Arbitration v. Trial – What’s the difference?

In a previous video I discussed the differences between small claims court and the court of common pleas.  In this video I will explore the differences between mandatory arbitration and a jury trial through the Court of Common Pleas.

In Pennsylvania, if your matter is solely for money damages and is valued at less than $50,000 you are required to participate in arbitration.  An arbitration differs significantly from a jury trial and there are both pros and cons to having your matter decided in an arbitration.  In an arbitration, a panel of 3 local lawyers will decide the outcome of your case.   An arbitration will likely get scheduled much quicker than a jury trial and the arbitration itself typically concludes within one day.  It is also generally less costly in terms of attorneys’ fees and takes place in a relatively informal setting.
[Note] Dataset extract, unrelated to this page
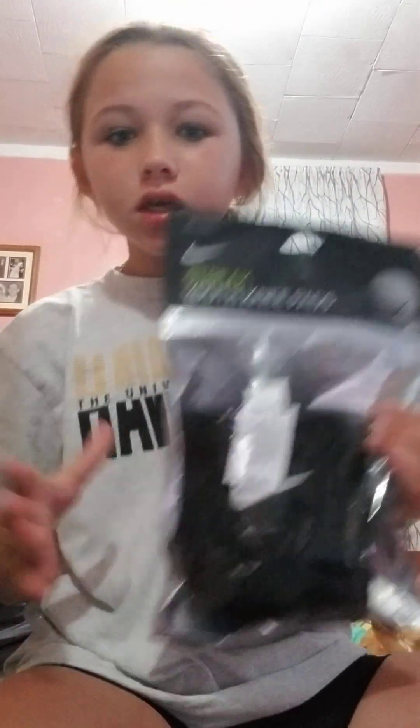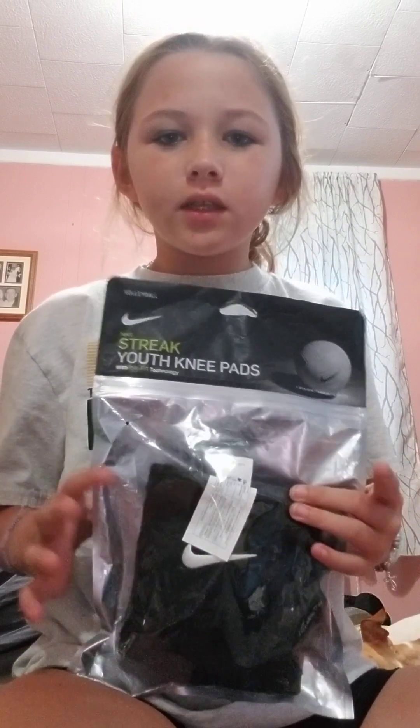So the first thing is the knee pants. They're really tight, and my mom said they just need to be stretched out. And then volleyball socks.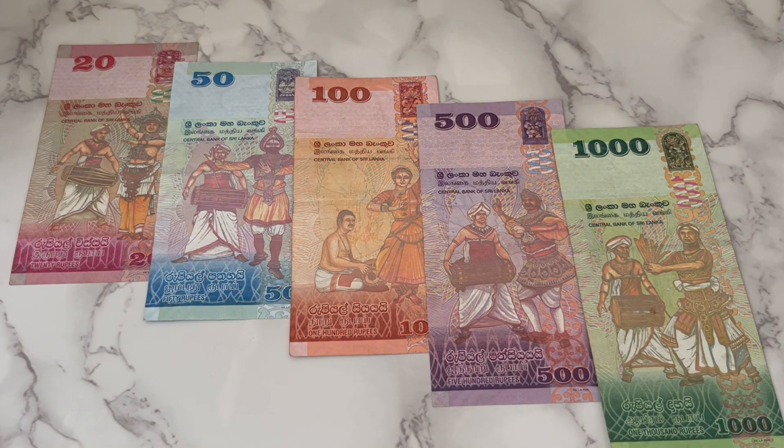Hey guys, so as you can see, this is the Sri Lanka currency. These are beautiful notes from Sri Lanka. I've got all the denominations besides the 5,000, which is the biggest denomination they do. And they are very beautiful — vertical designs, just like the Swiss francs.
Another benefit of arbitration is that if you should lose at arbitration, you have an automatic right to appeal to the Court of Common Pleas for a jury or bench trial.
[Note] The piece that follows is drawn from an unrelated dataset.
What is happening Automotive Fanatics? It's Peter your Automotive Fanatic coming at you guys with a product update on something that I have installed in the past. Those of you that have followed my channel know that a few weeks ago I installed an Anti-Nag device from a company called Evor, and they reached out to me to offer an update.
There are also several downsides to an arbitration.  While you might think it would be preferable to have attorneys decide your case, those attorneys may not have experience with the particular legal issues involved in your matter.  While the same is true for a jury, a jury receives specific and lengthy instructions on the legal issues involved in your case before deliberating and generally has the opportunity to ask the presiding judge questions during deliberations.

Although arbitrations are mandatary for matters valued at less than $50,000, the parties to a lawsuit that is valued at greater than $50,000 can also agree to take the matter to a private arbitration.   Private arbitrations are similar to arbitrations run through the county however the parties are responsible for the cost of a private arbitration would could cost several thousands of dollars.